Varanasi, le 7 janvier 2007
Bénarès, chère Bénarès...
Je ne veux pas de bateau, je ne veux pas de hashish, ni de soie; je ne veux pas qu’on me coupe les cheveux ni qu’on me masse le crâne; je ne veux pas faire de yoga, de puja*, de tabla*....
Bénarès, ce sont tes rues sinueuses que je veux, ton énergie vibrante, ta foule animée et fourmillante; tes couleurs vives, tes odeurs d’encens et de bougie, tes musiques envoûtantes et ton reflet orangé dans le Gange.
Tu es tout cela en même temps, et bien plus encore. Tu es vie et mort, tu es lumière et ténèbres, folie et sagesse, tu es le beurre, l’argent du beurre, la crémière et la tartine grillée... est-il nécessaire de savoir ce que je viens chercher en ton sein, quand je suis finalement sûre de le trouver?
Je découvre l’Inde un peu plus chaque jour quand j’erre sans but dans tes ruelles, quand je reste assise sur les marches des ghats à contempler le Gange et toute la vie qui s’y plonge avec ferveur.
Tu es pleine de mystères, tu caches de précieux trésors dans tes labyrinthes de rues étroites, et c’est en se perdant, en quittant les cartes et en te laissant nous guider que tu nous les révèles. Dans les yeux clos et méditatifs d’un vieux saddhu à l’entrée d’un des milliers de temples que tu abrites, d’où émanent une musique douce et parfumée; dans les saris humides qui pendent des toits et dont les couleurs vives et fraîches séchent au vent léger; dans le rire éclatant d’un gamin qui tente en vain de reprendre son cerf volant emmêlé dans la toile de fils électriques; dans les pas lourds et assurés d’un taureau imposant auquel certains cèdent le passage par respect, d’autres par crainte..
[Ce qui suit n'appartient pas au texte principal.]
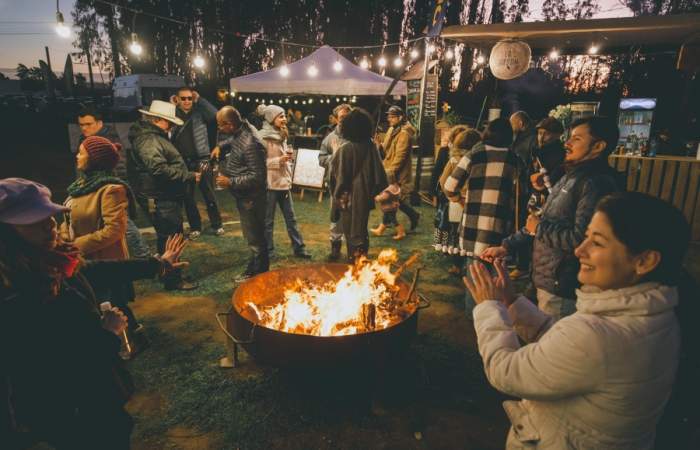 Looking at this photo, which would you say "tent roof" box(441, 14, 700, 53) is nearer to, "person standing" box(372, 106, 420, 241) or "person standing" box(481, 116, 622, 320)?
"person standing" box(372, 106, 420, 241)

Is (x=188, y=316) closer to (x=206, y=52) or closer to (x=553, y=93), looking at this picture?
(x=553, y=93)

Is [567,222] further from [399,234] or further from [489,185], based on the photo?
[399,234]

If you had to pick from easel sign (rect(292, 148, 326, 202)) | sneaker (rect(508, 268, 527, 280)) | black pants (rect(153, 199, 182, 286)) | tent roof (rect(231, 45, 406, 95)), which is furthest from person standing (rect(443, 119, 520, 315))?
tent roof (rect(231, 45, 406, 95))

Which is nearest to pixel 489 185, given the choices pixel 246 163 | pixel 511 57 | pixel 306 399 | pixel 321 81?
pixel 306 399

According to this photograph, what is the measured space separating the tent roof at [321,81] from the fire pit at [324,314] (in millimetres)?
8309

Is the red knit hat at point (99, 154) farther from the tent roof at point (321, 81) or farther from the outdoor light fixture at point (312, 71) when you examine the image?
the outdoor light fixture at point (312, 71)

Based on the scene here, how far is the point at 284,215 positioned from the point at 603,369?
5.96m

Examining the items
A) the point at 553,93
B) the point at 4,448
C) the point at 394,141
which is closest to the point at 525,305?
the point at 4,448

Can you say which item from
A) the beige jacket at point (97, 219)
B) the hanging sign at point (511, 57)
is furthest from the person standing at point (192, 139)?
the hanging sign at point (511, 57)

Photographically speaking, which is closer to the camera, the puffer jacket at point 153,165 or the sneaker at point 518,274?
the puffer jacket at point 153,165

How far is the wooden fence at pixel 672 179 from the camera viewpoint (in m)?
7.73

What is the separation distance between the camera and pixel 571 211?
2949 mm

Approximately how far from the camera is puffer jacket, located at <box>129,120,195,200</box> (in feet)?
18.2

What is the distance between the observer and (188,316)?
494cm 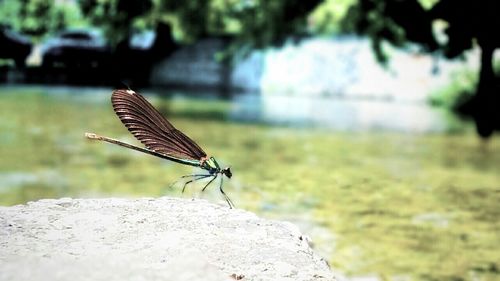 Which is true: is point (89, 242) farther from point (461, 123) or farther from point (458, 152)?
point (461, 123)

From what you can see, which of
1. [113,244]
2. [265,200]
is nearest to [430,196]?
[265,200]

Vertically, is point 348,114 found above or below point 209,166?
below

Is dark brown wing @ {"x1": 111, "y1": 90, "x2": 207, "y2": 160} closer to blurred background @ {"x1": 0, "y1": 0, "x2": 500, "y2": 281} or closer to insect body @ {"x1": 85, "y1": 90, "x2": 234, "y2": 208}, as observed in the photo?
insect body @ {"x1": 85, "y1": 90, "x2": 234, "y2": 208}

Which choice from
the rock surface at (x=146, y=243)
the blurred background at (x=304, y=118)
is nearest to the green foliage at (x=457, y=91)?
the blurred background at (x=304, y=118)

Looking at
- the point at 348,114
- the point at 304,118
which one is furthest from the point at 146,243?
the point at 348,114

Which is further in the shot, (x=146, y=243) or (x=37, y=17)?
(x=37, y=17)

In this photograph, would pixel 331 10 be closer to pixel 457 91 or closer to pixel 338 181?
pixel 457 91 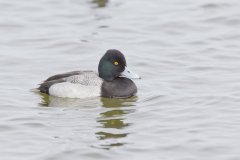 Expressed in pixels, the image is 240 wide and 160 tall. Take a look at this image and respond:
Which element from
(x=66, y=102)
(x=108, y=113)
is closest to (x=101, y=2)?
(x=66, y=102)

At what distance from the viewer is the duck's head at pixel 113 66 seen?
13898 mm

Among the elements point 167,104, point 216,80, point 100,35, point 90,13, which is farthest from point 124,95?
point 90,13

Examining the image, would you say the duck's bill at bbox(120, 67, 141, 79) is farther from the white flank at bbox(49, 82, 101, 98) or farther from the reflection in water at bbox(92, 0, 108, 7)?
the reflection in water at bbox(92, 0, 108, 7)

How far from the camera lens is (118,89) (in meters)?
13.8

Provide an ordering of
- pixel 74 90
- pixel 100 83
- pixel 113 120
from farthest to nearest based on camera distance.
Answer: pixel 100 83
pixel 74 90
pixel 113 120

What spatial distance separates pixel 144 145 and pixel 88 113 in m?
1.94

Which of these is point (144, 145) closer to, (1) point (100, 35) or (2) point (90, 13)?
(1) point (100, 35)

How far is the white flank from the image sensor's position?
13797 millimetres

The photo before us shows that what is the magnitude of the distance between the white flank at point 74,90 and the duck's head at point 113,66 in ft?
1.01

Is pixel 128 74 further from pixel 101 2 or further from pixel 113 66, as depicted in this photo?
pixel 101 2

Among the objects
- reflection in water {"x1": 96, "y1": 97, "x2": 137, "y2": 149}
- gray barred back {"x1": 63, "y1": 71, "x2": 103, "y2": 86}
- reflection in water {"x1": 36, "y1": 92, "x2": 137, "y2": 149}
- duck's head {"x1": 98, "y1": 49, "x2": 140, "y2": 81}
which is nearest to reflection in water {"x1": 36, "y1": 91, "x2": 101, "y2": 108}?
reflection in water {"x1": 36, "y1": 92, "x2": 137, "y2": 149}

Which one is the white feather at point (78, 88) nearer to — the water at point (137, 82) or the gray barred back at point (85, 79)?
the gray barred back at point (85, 79)

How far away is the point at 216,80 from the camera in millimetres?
14594

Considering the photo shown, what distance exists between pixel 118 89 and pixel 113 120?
1.47 meters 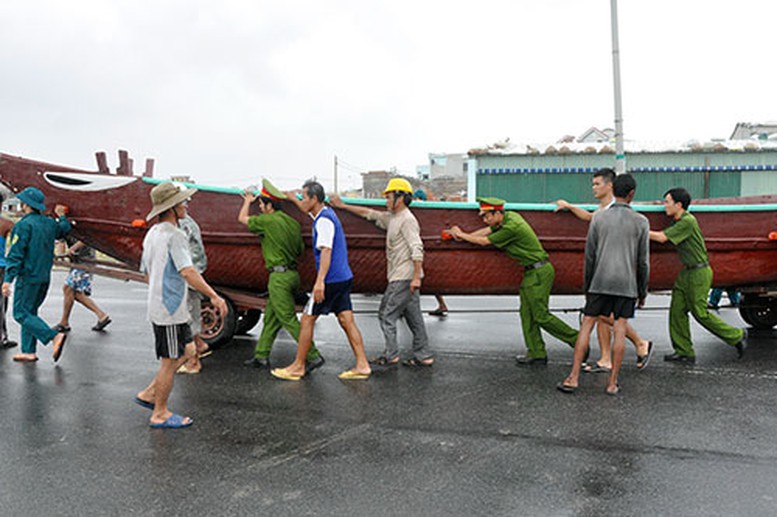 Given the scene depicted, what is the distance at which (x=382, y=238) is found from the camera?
20.9 feet

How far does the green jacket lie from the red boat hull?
663 millimetres

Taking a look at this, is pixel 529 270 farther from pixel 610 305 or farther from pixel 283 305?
pixel 283 305

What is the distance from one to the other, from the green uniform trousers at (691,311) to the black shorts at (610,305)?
1.29m

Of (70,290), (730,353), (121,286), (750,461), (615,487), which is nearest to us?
(615,487)

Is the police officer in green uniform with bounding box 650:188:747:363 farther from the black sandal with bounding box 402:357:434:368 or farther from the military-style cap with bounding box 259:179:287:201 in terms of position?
the military-style cap with bounding box 259:179:287:201

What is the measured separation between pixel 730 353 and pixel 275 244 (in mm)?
4435

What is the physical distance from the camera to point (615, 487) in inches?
130

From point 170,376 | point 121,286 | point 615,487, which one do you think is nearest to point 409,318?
point 170,376

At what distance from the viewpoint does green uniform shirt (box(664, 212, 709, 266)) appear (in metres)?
5.77

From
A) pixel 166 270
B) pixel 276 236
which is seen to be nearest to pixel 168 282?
pixel 166 270

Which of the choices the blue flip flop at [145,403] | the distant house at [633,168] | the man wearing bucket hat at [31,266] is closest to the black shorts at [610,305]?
the blue flip flop at [145,403]

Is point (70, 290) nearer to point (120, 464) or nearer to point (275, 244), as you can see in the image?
point (275, 244)

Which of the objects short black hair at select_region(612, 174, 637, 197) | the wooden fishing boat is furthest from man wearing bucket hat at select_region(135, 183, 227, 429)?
short black hair at select_region(612, 174, 637, 197)

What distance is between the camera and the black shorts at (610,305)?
492 cm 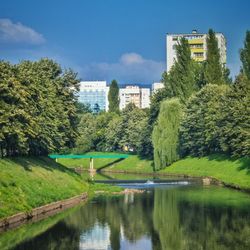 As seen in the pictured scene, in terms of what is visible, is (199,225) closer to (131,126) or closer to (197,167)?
(197,167)

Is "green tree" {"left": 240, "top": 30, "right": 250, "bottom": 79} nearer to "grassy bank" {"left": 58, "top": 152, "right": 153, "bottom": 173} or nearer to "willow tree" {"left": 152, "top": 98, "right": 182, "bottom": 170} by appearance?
"willow tree" {"left": 152, "top": 98, "right": 182, "bottom": 170}

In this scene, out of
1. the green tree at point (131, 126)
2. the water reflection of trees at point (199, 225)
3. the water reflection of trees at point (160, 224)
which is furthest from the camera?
the green tree at point (131, 126)

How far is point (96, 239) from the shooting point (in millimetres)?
45312

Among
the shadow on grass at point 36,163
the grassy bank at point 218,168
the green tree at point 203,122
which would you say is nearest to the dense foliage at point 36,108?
the shadow on grass at point 36,163

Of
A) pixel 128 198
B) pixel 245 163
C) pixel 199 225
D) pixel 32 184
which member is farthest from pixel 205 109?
pixel 199 225

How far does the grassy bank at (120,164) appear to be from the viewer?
130125mm

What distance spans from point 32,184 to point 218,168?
49.2 metres

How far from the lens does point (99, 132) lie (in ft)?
558

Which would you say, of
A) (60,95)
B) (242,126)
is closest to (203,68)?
(242,126)

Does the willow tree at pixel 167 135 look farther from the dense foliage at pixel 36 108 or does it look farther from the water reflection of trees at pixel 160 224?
the water reflection of trees at pixel 160 224

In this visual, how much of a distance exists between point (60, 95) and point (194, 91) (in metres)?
43.9

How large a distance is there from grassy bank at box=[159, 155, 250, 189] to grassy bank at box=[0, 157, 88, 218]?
24913mm

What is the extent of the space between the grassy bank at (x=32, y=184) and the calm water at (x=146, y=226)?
119 inches

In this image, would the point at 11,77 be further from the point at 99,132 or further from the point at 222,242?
the point at 99,132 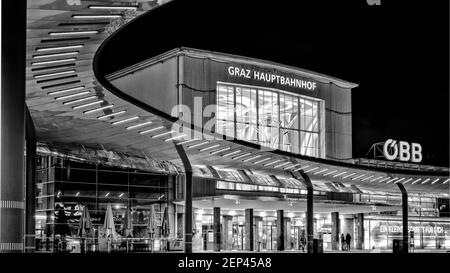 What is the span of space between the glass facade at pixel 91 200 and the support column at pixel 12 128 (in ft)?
73.8

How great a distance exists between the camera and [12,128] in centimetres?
1342

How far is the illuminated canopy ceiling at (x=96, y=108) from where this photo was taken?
16.3 metres

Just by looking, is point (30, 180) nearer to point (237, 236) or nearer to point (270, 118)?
point (237, 236)

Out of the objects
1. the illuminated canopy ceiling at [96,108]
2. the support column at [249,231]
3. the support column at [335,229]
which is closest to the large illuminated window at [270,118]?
the support column at [335,229]

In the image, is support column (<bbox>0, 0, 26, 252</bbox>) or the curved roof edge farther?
the curved roof edge

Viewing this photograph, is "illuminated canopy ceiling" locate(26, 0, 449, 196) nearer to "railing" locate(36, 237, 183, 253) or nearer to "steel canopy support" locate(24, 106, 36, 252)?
"steel canopy support" locate(24, 106, 36, 252)

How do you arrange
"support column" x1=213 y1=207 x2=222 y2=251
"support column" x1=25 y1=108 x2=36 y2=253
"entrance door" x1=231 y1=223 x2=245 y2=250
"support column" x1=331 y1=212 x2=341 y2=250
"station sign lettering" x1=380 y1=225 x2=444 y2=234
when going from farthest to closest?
"station sign lettering" x1=380 y1=225 x2=444 y2=234 → "support column" x1=331 y1=212 x2=341 y2=250 → "entrance door" x1=231 y1=223 x2=245 y2=250 → "support column" x1=213 y1=207 x2=222 y2=251 → "support column" x1=25 y1=108 x2=36 y2=253

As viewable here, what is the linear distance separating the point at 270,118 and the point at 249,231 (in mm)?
15940

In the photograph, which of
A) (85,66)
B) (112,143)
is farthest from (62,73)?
Answer: (112,143)

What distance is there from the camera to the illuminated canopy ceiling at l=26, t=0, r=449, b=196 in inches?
642

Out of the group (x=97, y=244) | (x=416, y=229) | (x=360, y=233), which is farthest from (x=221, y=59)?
(x=97, y=244)

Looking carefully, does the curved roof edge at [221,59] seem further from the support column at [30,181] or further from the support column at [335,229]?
the support column at [30,181]

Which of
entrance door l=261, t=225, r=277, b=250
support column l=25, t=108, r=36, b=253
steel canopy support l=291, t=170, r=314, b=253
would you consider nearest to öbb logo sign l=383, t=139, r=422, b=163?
entrance door l=261, t=225, r=277, b=250

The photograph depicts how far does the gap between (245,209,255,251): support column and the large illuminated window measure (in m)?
11.0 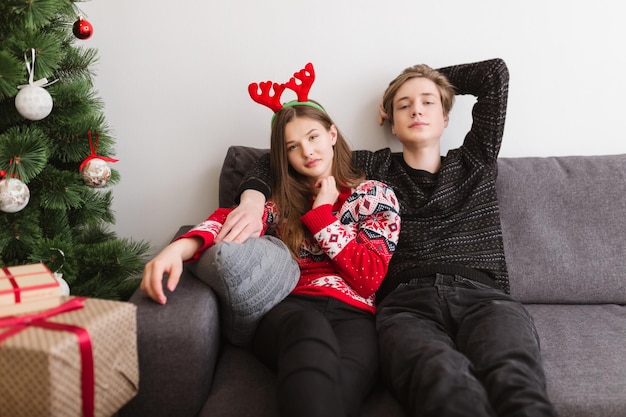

La vie y est tantôt paisible, tantôt furieuse; on s’y sent parfois seul en sillonnant de vieilles ruelles pavées, escarpées, ne voyant que quelques visages cachés derrière d’étroites fenêtres, butant contre des murs qui se referment soudainement sur une superbe porte en bois à la peinture écaillée, aux sculptures fines et tortueuses. J’aime y errer et m’y perdre, m’abandonner aux chemins que tu m’ouvres; une solitude confiante, à ta merci...
Puis une bifurcation mène vers une rue un peu plus large, accessible aux chariots ou au cyclo- rickshaws qui alimenteront les quelques shops, les fabriques de kurtas (tuniques longues brodées), les vendeurs de samosas.... une rue qui s’élargit est un espace libre qui se remplit; la nature a horreur du vide, et l’Inde aussi. Alors en s’approchant des axes plus larges, on replonge progressivement dans l’Inde furieuse... celle qui hurle et klaxonne, bouscule et tire la manche, celle où chaque être humain revendique sa place et fait savoir avec les moyens à sa disposition qu’il ne la cédera que pour prendre celle de quelqu’un d’autre; l’Inde qui pique, attaque, surprend encore en encore... les rues deviennent une jungle sauvage, le lieu d’une cohabitation désorganisée d’hommes, de roues et de moteurs, de vaches placides et de chiens ronflants, de vieillards fatigués ou de jeunes enfants nerveux. Des milliers de mouvements et de bruits se fondent ensemble dans un flot ininterrompu de chair et de mécanique.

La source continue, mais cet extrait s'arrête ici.